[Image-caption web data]
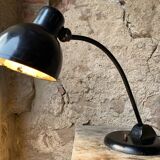 Bauhaus desk lamp by Christian Dell circa 1930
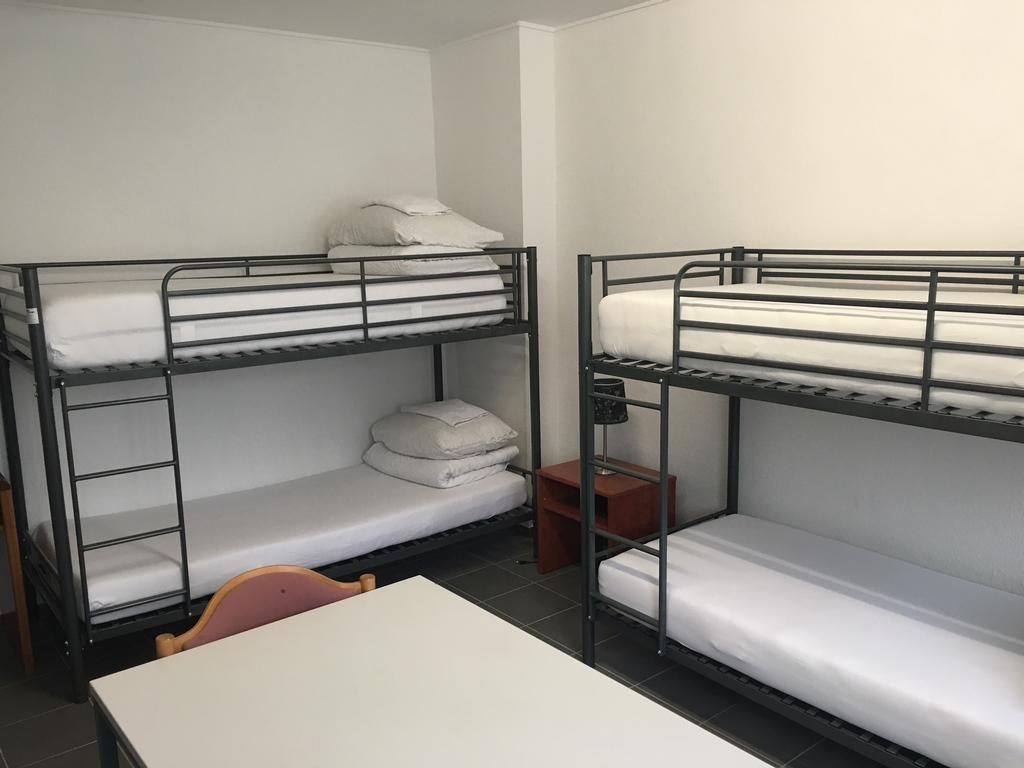 Hotel-Pension Adamshof Berlin Bagian luar foto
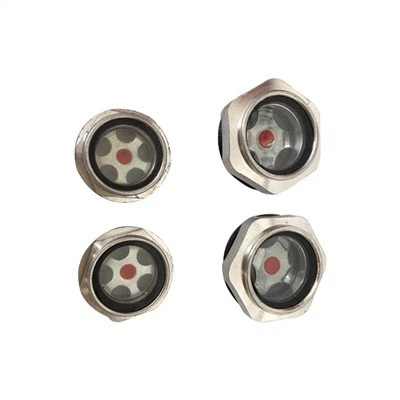 زجاج البصر للزيت بوش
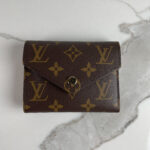 LOUIS VUITTON Portefeuille Victorine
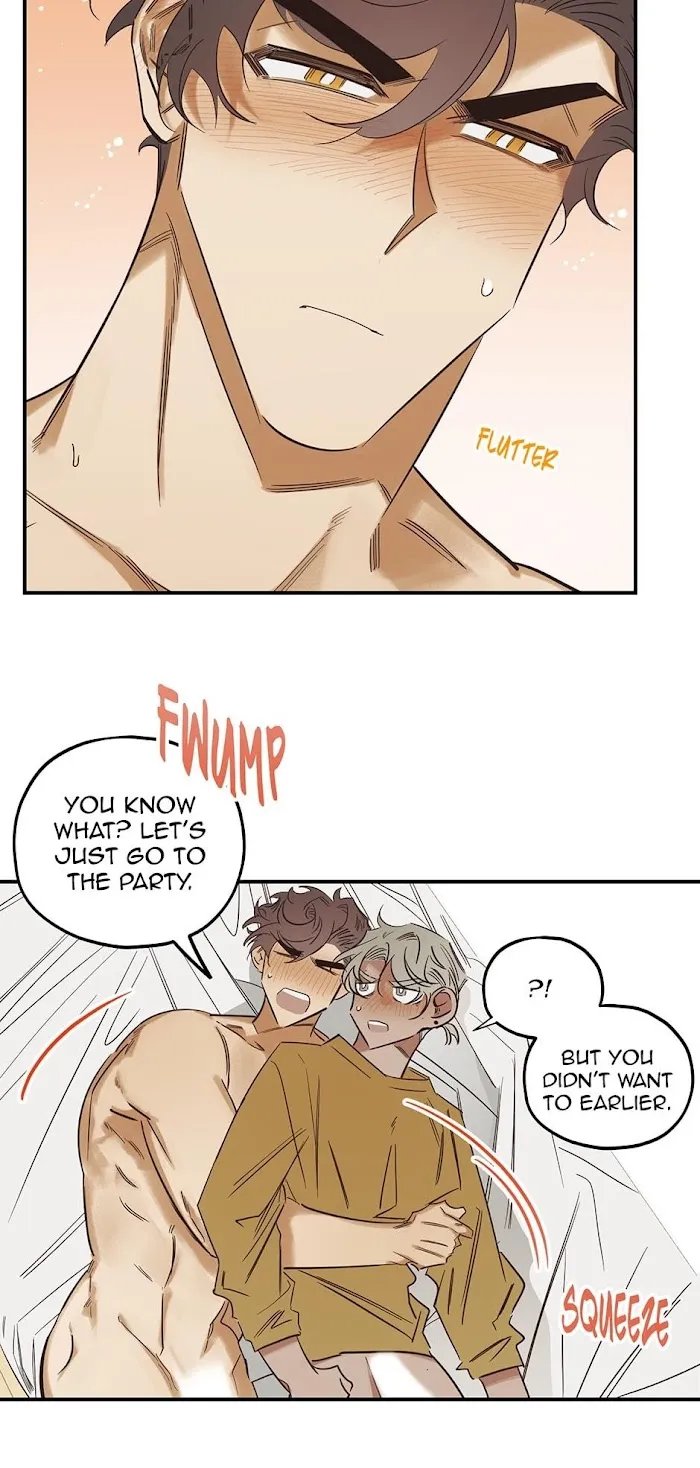 Read Truth or Dare (Yaoi) chapter 16 image 33 on Lezhin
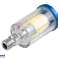 Avvannsfilter 1/4". mini bilde 3
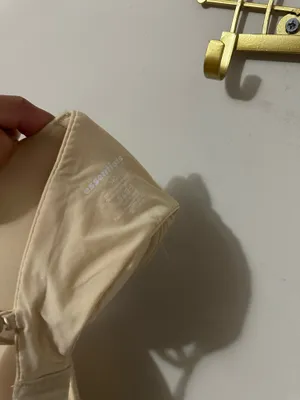 Essential Smooth T-Shirt Bra in Nude thumbnail 3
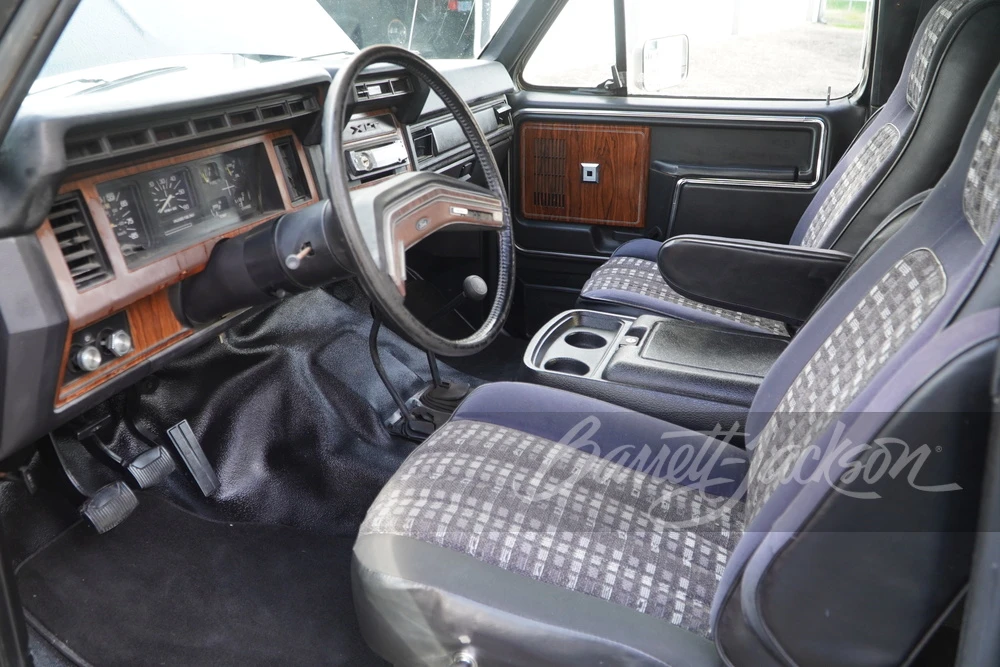 1982 Ford Bronco 3rd Gen - Image 4 of 31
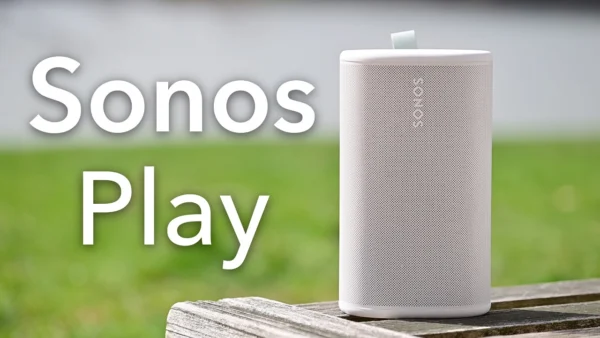 Finally, a Portable Speaker Built for Apple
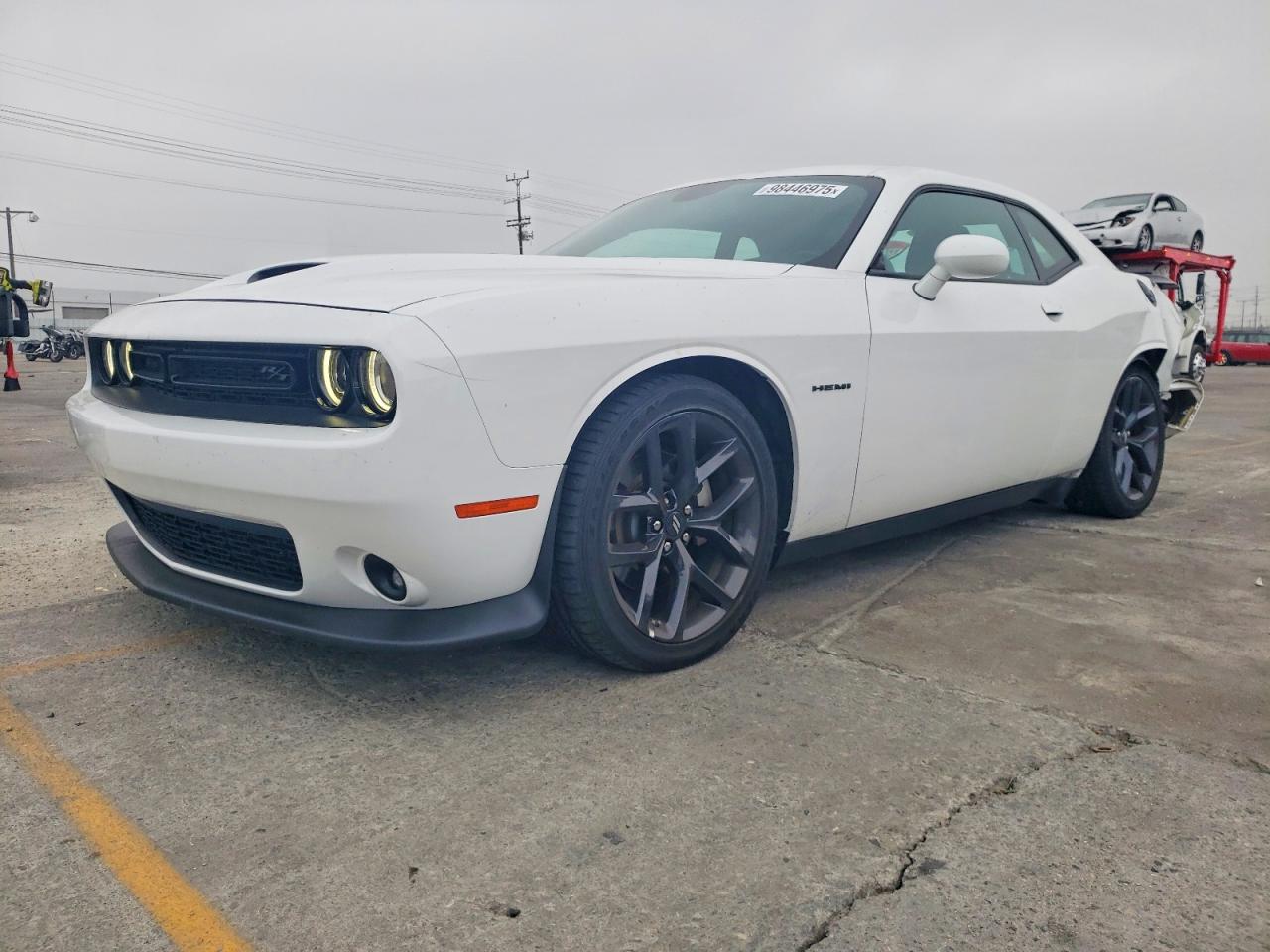 2022 DODGE CHALLENGER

◆ PROBLEM
With the pictures left out, restate word for word every line of the data above, from the first down to the line that contains "Essential Smooth T-Shirt".

◆ YOUR RESPONSE
 Bauhaus desk lamp by Christian Dell circa 1930
 Hotel-Pension Adamshof Berlin Bagian luar foto
 زجاج البصر للزيت بوش
 LOUIS VUITTON Portefeuille Victorine
 Read Truth or Dare (Yaoi) chapter 16 image 33 on Lezhin
 Avvannsfilter 1/4". mini bilde 3
 Essential Smooth T-Shirt Bra in Nude thumbnail 3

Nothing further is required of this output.